Either the RCMP gets its act together, or it goes the way of the Canadian Airborne – another proud institution that squandered public trust through its own actions. So said the RCMP's new Commissioner Bob Paulson on Monday. It was a stunning acknowledgment of how far the force has fallen in the public's eyes. It was also a refreshing, even brave, frankness. Mr. Paulson, a career officer appointed commissioner just last month, showed that accountability for making the needed changes starts at the top.

The Airborne is a harsh, and useful, comparison. It was a military force implicated in the beating death of a Somali teenager in 1993, subject to a national inquiry, and then disbanded. The RCMP has been at the centre of several public inquiries – on the totally unjustified 2007 taser killing of unarmed Polish immigrant Robert Dziekanski; on the wrongful terrorism accusations against Canadian citizen Maher Arar; on a 2006 pension scandal; on its role in failing to stop the Air-India terrorism bombings of 1985 that killed 331 people; and on its inability to stop serial killer Robert Pickton in B.C. As a result, says Mr. Paulson, its number-one challenge is to regain public trust.

"I've talked in private quarters about the day the Airborne was dismantled. Some day, there's going to be the removal of the Stetson, if we don't get this straight," he told The Globe's editorial board. "Maybe one or two more earth-shattering heartbreaks and I think people will be looking for a different outcome."

Earth-shattering heartbreaks is putting it exactly right. It was a heartbreak to watch an observer's video of Mr. Dziekanski's brutal killing. It was a heartbreak to know the Mounties lied about what happened before the video became public. It was a heartbreak to the family of Lisa Dudley when she was found, alive but too late to save, four days after a 911 call to the Mounties about six gunshots.

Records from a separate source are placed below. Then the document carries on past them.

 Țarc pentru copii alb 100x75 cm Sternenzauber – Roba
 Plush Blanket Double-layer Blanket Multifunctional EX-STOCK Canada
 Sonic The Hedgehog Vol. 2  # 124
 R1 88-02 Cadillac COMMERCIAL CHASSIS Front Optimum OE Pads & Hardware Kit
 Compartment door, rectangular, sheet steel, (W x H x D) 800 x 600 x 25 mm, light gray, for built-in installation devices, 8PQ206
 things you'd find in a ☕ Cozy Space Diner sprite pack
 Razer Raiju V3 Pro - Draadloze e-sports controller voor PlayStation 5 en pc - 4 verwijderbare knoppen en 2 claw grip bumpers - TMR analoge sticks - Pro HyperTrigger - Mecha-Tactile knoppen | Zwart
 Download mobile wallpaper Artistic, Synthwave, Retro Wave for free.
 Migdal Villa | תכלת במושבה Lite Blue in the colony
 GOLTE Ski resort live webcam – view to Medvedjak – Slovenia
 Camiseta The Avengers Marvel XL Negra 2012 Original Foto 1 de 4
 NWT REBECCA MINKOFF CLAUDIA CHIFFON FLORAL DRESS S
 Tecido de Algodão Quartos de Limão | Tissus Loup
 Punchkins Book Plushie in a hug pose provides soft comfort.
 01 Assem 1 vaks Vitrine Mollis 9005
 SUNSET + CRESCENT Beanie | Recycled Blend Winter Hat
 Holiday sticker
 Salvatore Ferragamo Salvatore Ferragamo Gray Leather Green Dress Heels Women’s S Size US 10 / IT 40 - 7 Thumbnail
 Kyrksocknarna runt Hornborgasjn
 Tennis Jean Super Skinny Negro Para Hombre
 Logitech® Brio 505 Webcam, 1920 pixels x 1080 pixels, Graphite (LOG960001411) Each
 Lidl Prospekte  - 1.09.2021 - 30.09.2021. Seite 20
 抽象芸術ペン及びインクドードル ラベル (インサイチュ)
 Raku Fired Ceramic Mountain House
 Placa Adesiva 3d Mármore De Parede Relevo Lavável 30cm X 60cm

It is a heartbreak to see Catherine Galliford, a former B.C. spokeswoman for the RCMP, alleging repeated sexual harassment. Canadians care deeply about the national police force – its historic role in nation building, and the many good jobs, often unsung, it does, particularly in remote communities.

Each new incident is a heartbreak because Canadians keep waiting and hoping for improvement. Five years ago, lawyer David Brown, heading the pension-fund inquiry, said the force was "horribly broken." As 2012 approaches, and with commissioner William Elliott having come and gone, the image of a broken institution remains.

"The 'horribly broken' phrase hurts," Mr. Paulson said. One answer to regaining trust to "instill accountability from the front-line officers to the commissioner, for everything that we do." And "we have to demonstrate through actions that we've changed."

The RCMP can't afford any more heartbreaks. Canadians, even after all the disappointments, still hope the RCMP hangs on, rebuilds, wins back the lost trust. Mr. Paulson has some interesting ideas, he has buy-in from the rank-and-file, and he knows "a different approach to communications" is not enough. The proof, as Mr. Paulson says, will be in actions and accountability, not words.